La scène se déroule fin octobre, lors de la visite du président brésilien en Argentine. Dans l’avion qui les emmène de Buenos Aires à El Calafate [au sud de l’Argentine], Luiz Inácio "Lula" da Silva et Néstor Kirchner discutent de l’avenir de l’Amérique latine.

Le Brésilien est calme, pensif. L’Argentin, inquiet, nerveux. Une fois qu’il a formulé une idée, il ne cherche pas à la développer. Si elle est claire pour lui, cela lui suffit. Lula, en revanche, s’efforce de convaincre son interlocuteur.

Quels sont les résultats de cette rencontre ?
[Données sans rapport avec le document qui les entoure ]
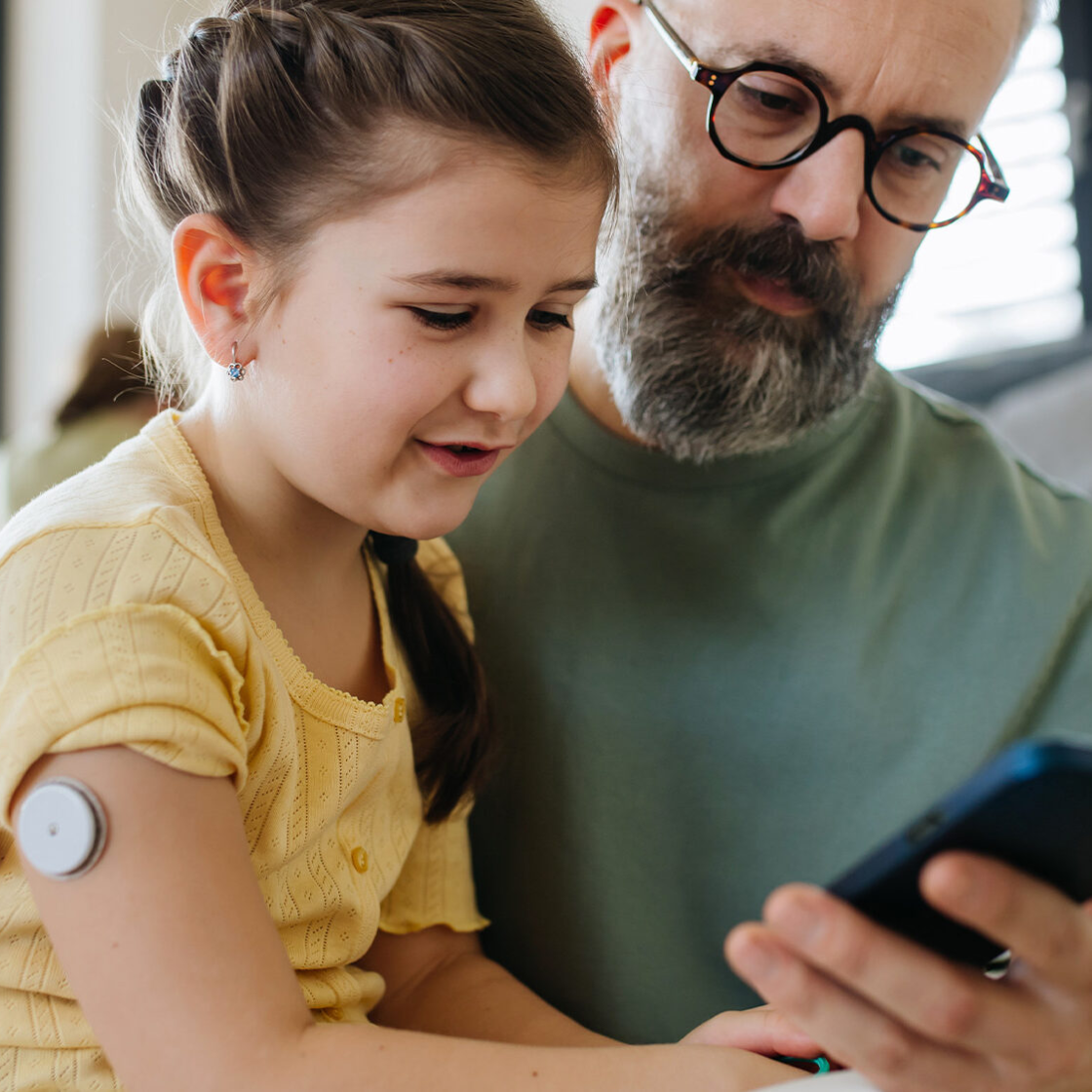 dad and daughter checking phone while daughter wears a diabetes glucose monitor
 LUIZ INÁCIO LULA DA SILVA : Il s’agit tout d’abord d’insuffler à nos sociétés respectives l’état d’esprit de l’intégration. Puis de susciter dans les autres pays d’Amérique latine un climat propice aux perspectives d’intégration du continent. Nous souhaitons aussi établir des rapports sains entre nos deux pays, qui sont à bien des égards complémentaires, sans laisser des intérêts économiques sectaires compromettre l’intégration. Nous sommes en train de franchir une étape décisive pour consolider le MERCOSUR et de montrer au monde qu’il existe d’autres alternatives que la dépendance vis-à-vis du groupe des pays riches qui nous traite peu ou prou comme si nous étions des Etats de deuxième ordre. L’Argentine et le Brésil ont besoin de leurs liens avec les Etats-Unis et l’Europe, mais nous avons encore bien plus de choses à faire entre nous. Etant donnée l’importance politique et économique des deux pays, nous pouvons être un bon exemple.
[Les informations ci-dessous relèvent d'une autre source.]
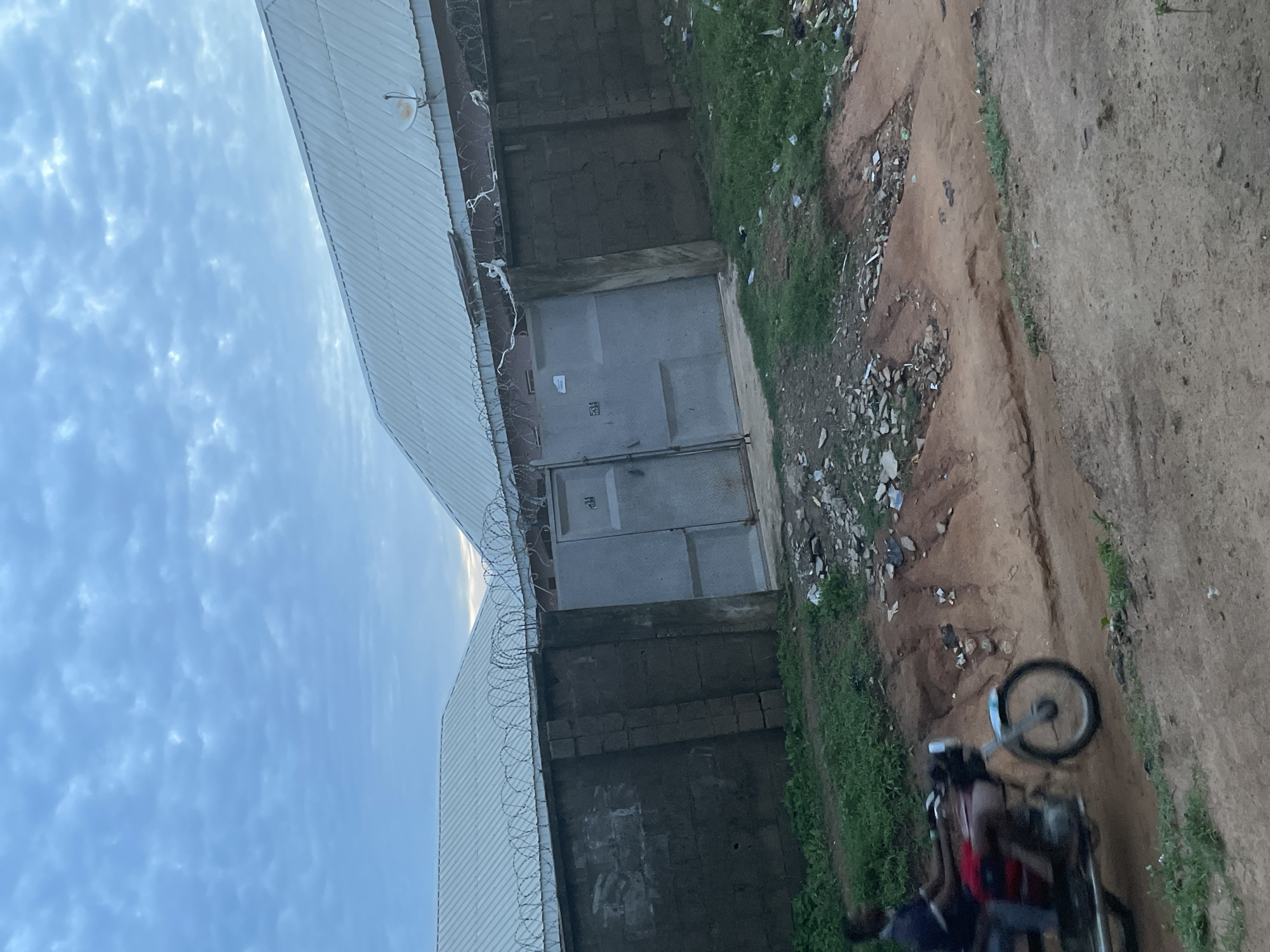 The image depicts a cloudy sky over a compound with a metal roof and a brick wall topped with barbed wire. Two large, gray metal gates are visible in the wall. A person is riding a motorcycle, blurred by motion, on a dirt road in the foreground. The environment appears to be a somewhat unkempt urban or semi-urban area, with some debris scattered around. The scene is likely located in Jalingo, Nigeria, a city known for its typical architecture and road conditions.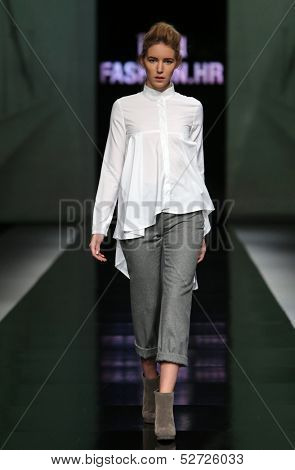 ZAGREB, CROATIA - OCTOBER 19: Fashion model wearing clothes designed by Pavla Aleksic on the 'Fashion.hr' show on October 19, 2013 in Zagreb, Croatia.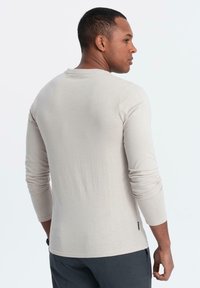 Man som står på sidan med en enkel, ljusbeige långärmad skjorta och mörka byxor mot en vit bakgrund.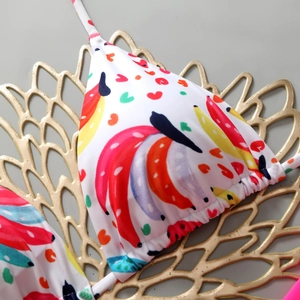 Detail of triangle bikini top with colorful banana and heart prints and ruffled hem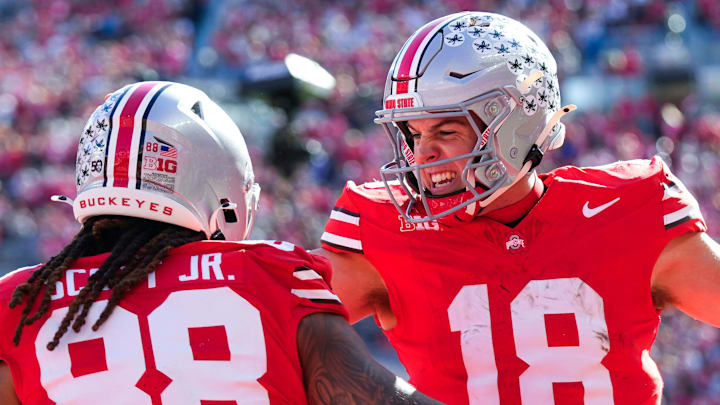 Ohio State Buckeyes quarterback Will Howard (18) celebrates with tight end Gee Scott Jr. (88) after Scott scored a touchdown in the first half at Ohio Stadium on Saturday, Nov. 9, 2024 in Columbus, Ohio.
Historiquement, l’Amérique du Sud a toujours regardé en direction des Etats-Unis et de l’Europe. Cette attitude était peut-être nécessaire à une certaine époque. Mais, avec la mondialisation, l’avance technologique des pays développés et leur politique de subventions, nous sommes obligés d’affirmer notre identité sud-américaine, notre identité latino-américaine et d’étudier toutes les formes possibles d’aide mutuelle afin de nous développer ensemble. J’en fais une idée fixe. Je n’ai jamais admis que mon pays se soit tourné pendant cinq siècles vers le Vieux Continent et se soit aussi peu intéressé aux pays frontaliers, qui sont nos amis et nos frères. La priorité de ma politique étrangère est l’intégration de l’Amérique du Sud.
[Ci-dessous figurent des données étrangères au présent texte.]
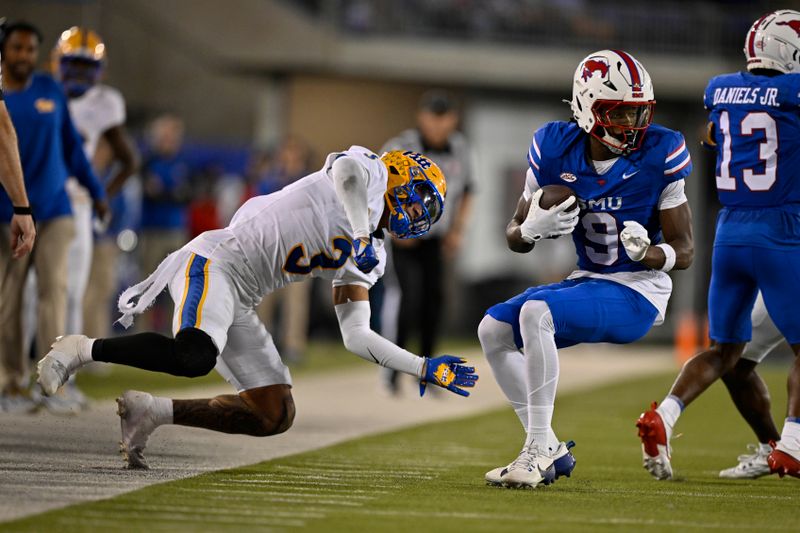 Nov 2, 2024; Dallas, Texas, USA; Southern Methodist Mustangs wide receiver Key'Shawn Smith (9) breaks the tackle of Pittsburgh Panthers defensive back Donovan McMillon (3) during the second half at Gerald J. Ford Stadium. Mandatory Credit: Jerome Miron-Imagn Images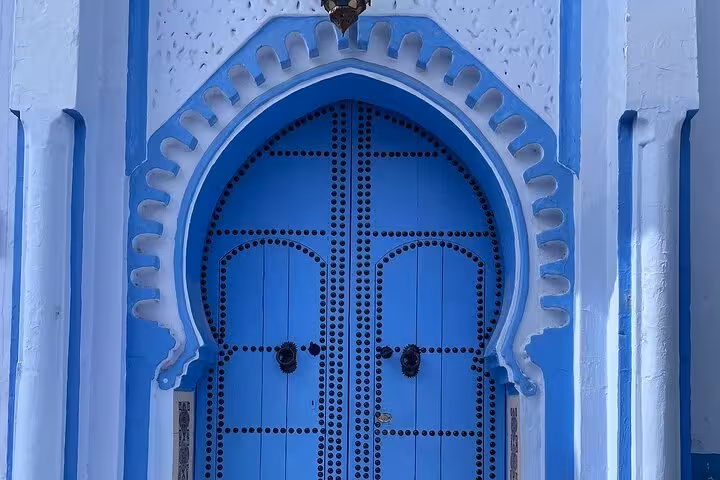 Stunning blue arched door in Chefchaouen, Morocco, highlighting Moorish architecture on a Fez to Chefchaouen tour.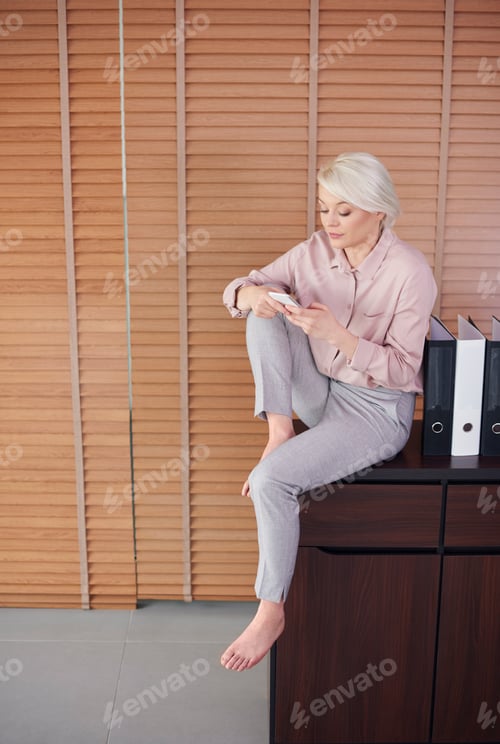 Preview: Barefoot woman sitting on drawer and texting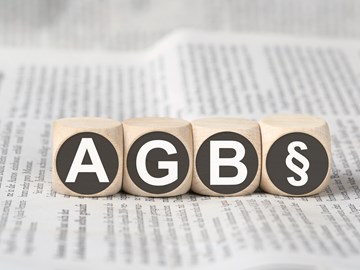 Vier Holzwürfel auf einer Zeitung zeigen die Abkürzung AGB und das Paragrafenzeichen Vier Holzwürfel auf einer Zeitung zeigen die Abkürzung AGB und das Paragrafenzeichen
 NÉSTOR KIRCHNER : Je partage cette vision. Il est essentiel de resserrer les liens bilatéraux entre l’Argentine et le Brésil. Pendant très longtemps, la lutte visant à imposer des gouvernements et des espaces artificiels a fermé les portes à cette construction politique et institutionnelle dans la région. Aujourd’hui, nous misons sans réserve sur la construction bilatérale, sur l’édification du MERCOSUR en tant que bloc économique et institutionnel, mais aussi politique, propre à servir de cadre au point d’inflexion d’une ère nouvelle. Ce MERCOSUR devra nécessairement s’ouvrir aux pays andins et nous devons préparer en Amérique latine une convergence très forte qui, ajoutée aux relations avec le Mexique, nous permettra de former un bloc très puissant, capable de négocier sérieusement, de nous assurer une véritable insertion à l’échelle mondiale et de nous permettre de négocier sur un pied d’égalité avec l’Union européenne (UE), les Etats-Unis et les autres pays du monde. Nous envisageons de bâtir un bloc qui parlera d’une seule voix, de construire un projet commun, d’élaborer des idées pour attaquer de front les maux les plus graves qui frappent la région : l’absence de développement, la misère, l’exclusion sociale et la corruption institutionnelle qui mine nos pays. Par cette entreprise commune et solidaire, nous pourrons élaborer des réponses que nous avons beaucoup de mal à mettre en oeuvre tant que chacun reste de son côté. [...] Tout nous unit...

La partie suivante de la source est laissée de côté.